## Task goal
Keep the lines exact and the pictures out as you repeat the following listing.

## Source material
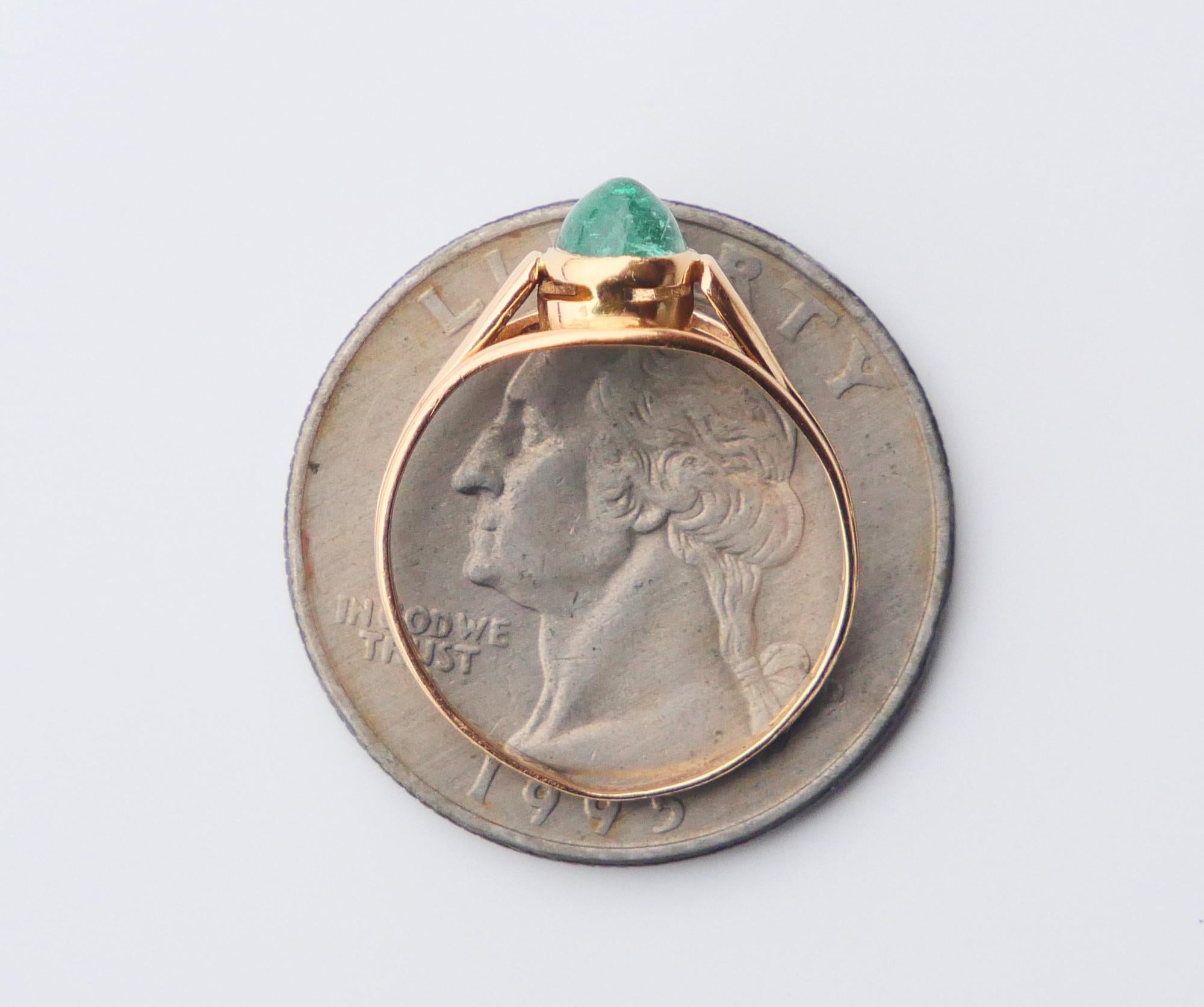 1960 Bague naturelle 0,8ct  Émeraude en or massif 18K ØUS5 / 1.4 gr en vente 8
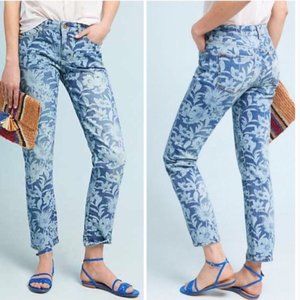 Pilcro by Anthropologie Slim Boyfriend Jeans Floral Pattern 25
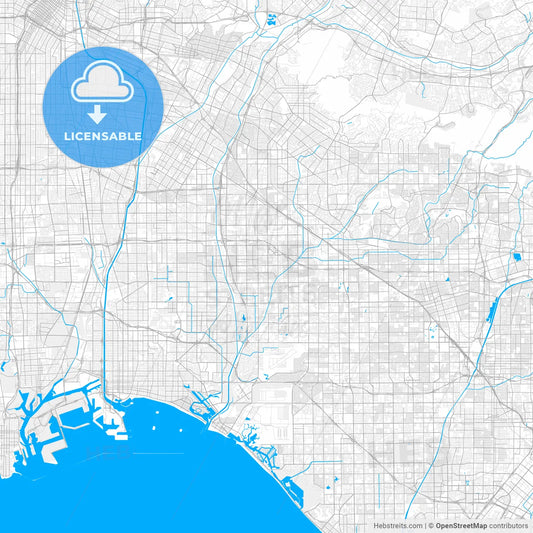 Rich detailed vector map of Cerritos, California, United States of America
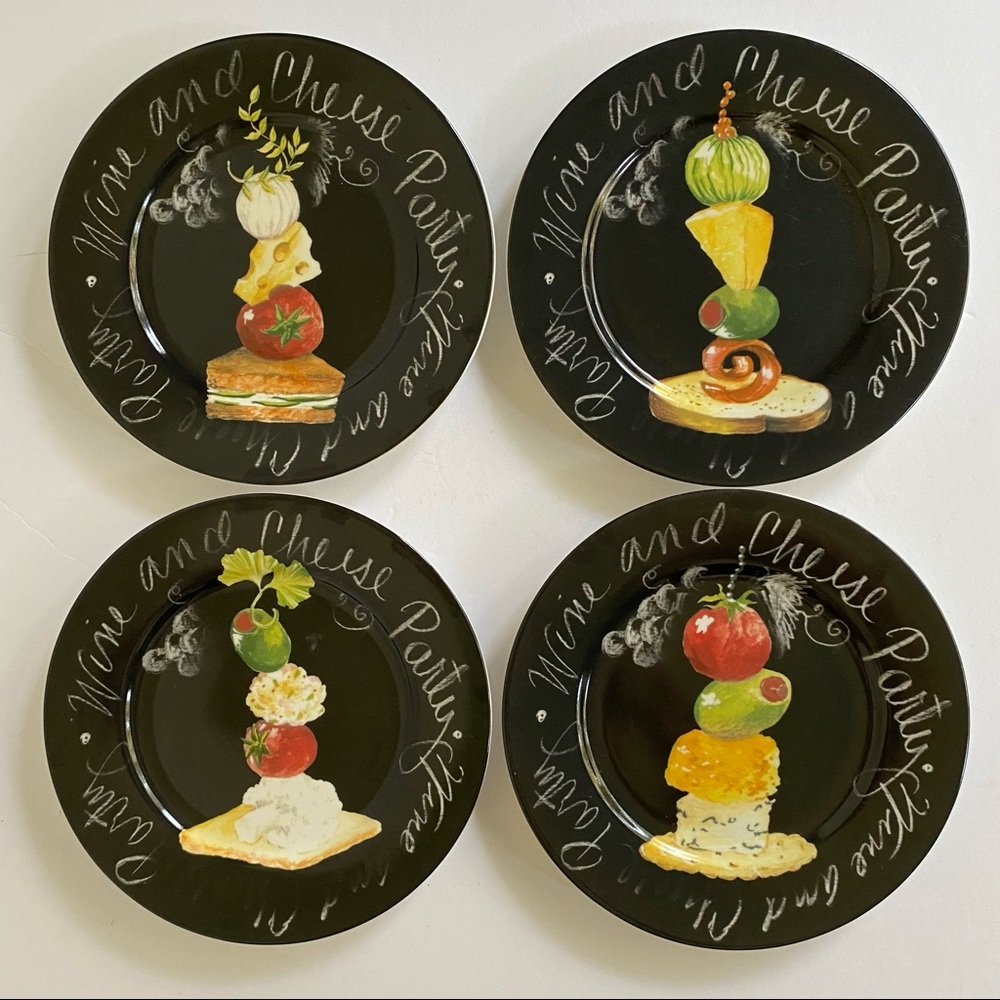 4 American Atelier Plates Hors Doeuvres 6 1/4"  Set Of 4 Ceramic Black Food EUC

## Answer section
 1960 Bague naturelle 0,8ct  Émeraude en or massif 18K ØUS5 / 1.4 gr en vente 8
 Pilcro by Anthropologie Slim Boyfriend Jeans Floral Pattern 25
 Rich detailed vector map of Cerritos, California, United States of America
 4 American Atelier Plates Hors Doeuvres 6 1/4"  Set Of 4 Ceramic Black Food EUC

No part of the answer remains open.